## Exhibit a pair of algebraic integers in QQ(sqrt(-5)) which are relatively prime but for which Bezout’s identity does not hold

Show that $3$ and $1 + \sqrt{-5}$ are relatively prime as algebraic integers in $\mathbb{Q}(\sqrt{-5})$, but that there do not exist algebraic integers $\lambda,\mu \in \mathbb{Q}(\sqrt{-5})$ such that $3\lambda + (1+\sqrt{-5})\mu = 1$.

Let $a+b\sqrt{-5}$ be an arbitrary integer in $\mathbb{Q}(\sqrt{-5})$. Since $-5 \equiv 3 \not\equiv 1$ mod 4, $a$ and $b$ are integers. Note that $N(a+b\sqrt{-5}) = a^2 + 5b^2$. If this element has norm 3, then taking this equation mod 5 we have $a^2 \equiv 3$. Note, however, that the squares mod 5 are 0, 1, and 4. In particular, no algebraic integer in $\mathbb{Q}(\sqrt{-5})$ has norm 3.

Now $N(3) = 9$ and $N(1+\sqrt{-5}) = 6$; if these elements have a factorization, then some factor must be a unit. Thus both $3$ and $1 + \sqrt{-5}$ are irreducible as integers in $\mathbb{Q}(\sqrt{-5})$. By Theorem 7.7 in TAN, the units in this ring are precisely $\pm 1$, so that 3 and $1 + \sqrt{-5}$ are not associates.

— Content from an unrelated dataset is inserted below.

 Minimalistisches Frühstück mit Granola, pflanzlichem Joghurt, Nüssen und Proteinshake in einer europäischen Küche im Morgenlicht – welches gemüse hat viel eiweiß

If $\delta|3$ and $\delta|(1+\sqrt{-5})$, then since $N(\delta) \neq 3$, $N(\delta) = \pm 1$, and thus by Lemma 7.3 in TAN $\delta$ is a unit. That is, every common divisor of $3$ and $1+\sqrt{-5}$ is a unit, so that these elements are relatively prime.

Suppose now that there are integers $a,b,c,d$ such that, with $\lambda = a+b\sqrt{-5}$ and $\mu = c+d\sqrt{-5}$, we have $3\lambda + (1+\sqrt{5})\mu = 1$.Comparing coefficients, we have $3a+c-5d = 1$ and $3b+c+d = 0$. Mod 3, these equations reduce to $c+d \equiv 1$ and $c+d \equiv 0$, a contradiction. So no such $\lambda$ and $\mu$ exist.